As a security measure? No.
Attacks via user input occur when a user is able to input commands, usually in the form of database queries, into variables you haven't escaped properly. While truncated input might inadvertently prevent an attack, it isn't truly solving the problem.
In terms of security you should validate all user input, and check that the input is only used in a protected fashion, some of the cases are:
- If the value is to be output in HTML, you will want to ensure it either has no HTML tags in it (
strip_tags
) or only the ones you allow (either use a library, or DOMDocument
for this).
- If the value is to be used in a calculation, make sure it's a valid number. Easiest way is to cast as
(int)$foo
or (float)$foo
but your needs may vary.
- If the value is to be stored in a database, make sure you don't build your query in an unsafe way. Best way to keep queries safe is to use prepared statements,
PDO
is good for this. Otherwise you need to make sure you escape user input before building your query.

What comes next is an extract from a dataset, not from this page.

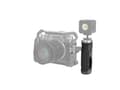 Miniatyrbilde 5 av 5: SmallRig 3922, Digitalkamera, håndgrep, Universell, Sort, 80 mm, 160 mm, 40 mm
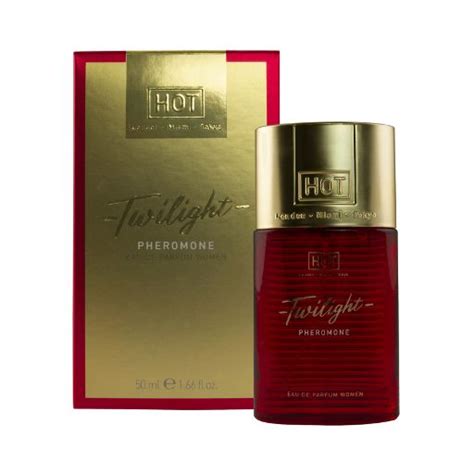 Hot Twilight Pheromone Parfum Women Ml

If you tell a user to only enter letters and numbers for a value, then you should only accept letters and numbers on your server. You can add the same condition on the client side, to prevent surprises for your users (giving them an error before sending a form), but the server is where you actually protect yourself, as client-side validation is informative, it's not protective (it's easily bypassed).

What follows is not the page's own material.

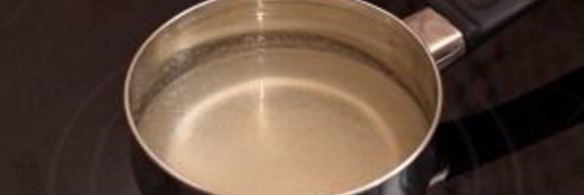 шоколадное суфле день и ночь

On that basis, if you can only store a limited number of characters in a field, you may as well report it to the user if a field is too long.
Let's say you want an e-mail address no more than 128 characters long, you could handle this at all levels like so:
Database (Model)
CREATE TABLE Emails `email` VARCHAR(128) NOT NULL
PHP (Controller)
$email = $_POST['email'];
if ((strlen($email) > 128) || !filter_var($email, FILTER_VALIDATE_EMAIL)) {
// Produce error that input was invalid
die('ERROR: Invalid e-mail');
}
// Input is valid, store in database (e.g- with PDO)
$stmt = $pdo->prepare('INSERT INTO Emails (email) VALUES (?)');
$stmt->execute([$email]);
HTML (View)
<input name="email" type="email" maxlength="128" placeholder="E-mail" />
This gives you a good mixture of storage efficiency, correctness, safety and feedback to the user; if they have a browser that supports HTML5 they will get early errors if they try to send an invalid value, but we check on the server anyway for safety (non-HTML5 compliant browser, or malicious user).